KEPRIBADIAN
Kepribadian adalah keseluruhan cara seorang
individu bereaksi dan berinteraksi dengan individu lain.[1] Kepribadian paling
sering dideskripsikan dalam istilah sifat yang bisa diukur yang ditunjukkan
oleh seseorang.[1]
Makna kepribadian
menurut pengertian sehari-hari
Disamping itu kepribadian sering diartikan sebagai ciri-ciri
yang menonjol pada diri individu, seperti kepada orang yang pemalu dikenakan
atribut “berkepribadian pemalu”. Kepada orang supel diberikan atribut
“berkepribadian supel” dan kepada orang yang plin-plan, pengecut, dan
semacamnya diberikan atribut “tidak punya kepribadian”
Definisi kepribadian
menurut psikologi
Berdasarkan psikologi, Gordon Allport menyatakan bahwa
kepribadian sebagai suatu organisasi (berbagai aspek psikis dan fisik) yang
merupakan suatu struktur dan sekaligus proses. Jadi, kepribadian merupakan
sesuatu yang dapat berubah. Secara eksplisit Allport menyebutkan, kepribadian
secara teratur tumbuh dan mengalami perubahan.
Ciri-ciri kepribadian
Para ahli tampaknya masih sangat beragam dalam memberikan
rumusan tentang kepribadian. Dalam suatu penelitian kepustakaan yang dilakukan
oleh Gordon W. Allport (Calvin S. Hall dan Gardner Lindzey, 2005) menemukan
hampir 50 definisi tentang kepribadian yang berbeda-beda. Berangkat dari studi
yang dilakukannya, akhirnya dia menemukan satu rumusan tentang kepribadian yang
dianggap lebih lengkap. Menurut pendapat dia bahwa kepribadian adalah
organisasi dinamis dalam diri individu sebagai sistem psiko-fisik yang
menentukan caranya yang unik dalam menyesuaikan diri terhadap lingkungannya.

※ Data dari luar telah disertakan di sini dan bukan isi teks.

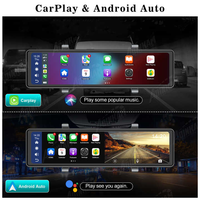 Caméra de tableau de bord ADINKAM IPS Mirror Dash Cam 11,26 pouces 4K avec Bluetooth, CarPlay sans fil, écran tactile, Android Auto, stéréo, aide au recul et amplificateur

Kata kunci dari pengertian kepribadian adalah penyesuaian diri. Scheneider
(1964) mengartikan penyesuaian diri sebagai “suatu proses respons individu baik
yang bersifat behavioral maupun mental dalam upaya mengatasi kebutuhan-kebutuhan
dari dalam diri, ketegangan emosional, frustrasi dan konflik, serta memelihara
keseimbangan antara pemenuhan kebutuhan tersebut dengan tuntutan (norma)
lingkungan.
Sedangkan yang dimaksud dengan unik bahwa kualitas perilaku
itu khas sehingga dapat dibedakan antara individu satu dengan individu lainnya.
Keunikannya itu didukung oleh keadaan struktur psiko-fisiknya, misalnya
konstitusi dan kondisi fisik, tampang, hormon, segi kognitif dan afektifnya
yang saling berhubungan dan berpengaruh, sehingga menentukan kualitas tindakan
atau perilaku individu yang bersangkutan dalam berinteraksi dengan
lingkungannya.
Untuk menjelaskan tentang kepribadian individu, terdapat
beberapa teori kepribadian yang sudah banyak dikenal, diantaranya : teori
Psikoanalisa dari Sigmund Freud, teori Analitik dari Carl Gustav Jung, teori
Sosial Psikologis dari Adler, Fromm, Horney dan Sullivan, teori Personologi
dari Murray, teori Medan dari Kurt Lewin, teori Psikologi Individual dari
Allport, teori Stimulus-Respons dari Throndike, Hull, Watson, teori The Self
dari Carl Rogers dan sebagainya. Sementara itu, Abin Syamsuddin (2003)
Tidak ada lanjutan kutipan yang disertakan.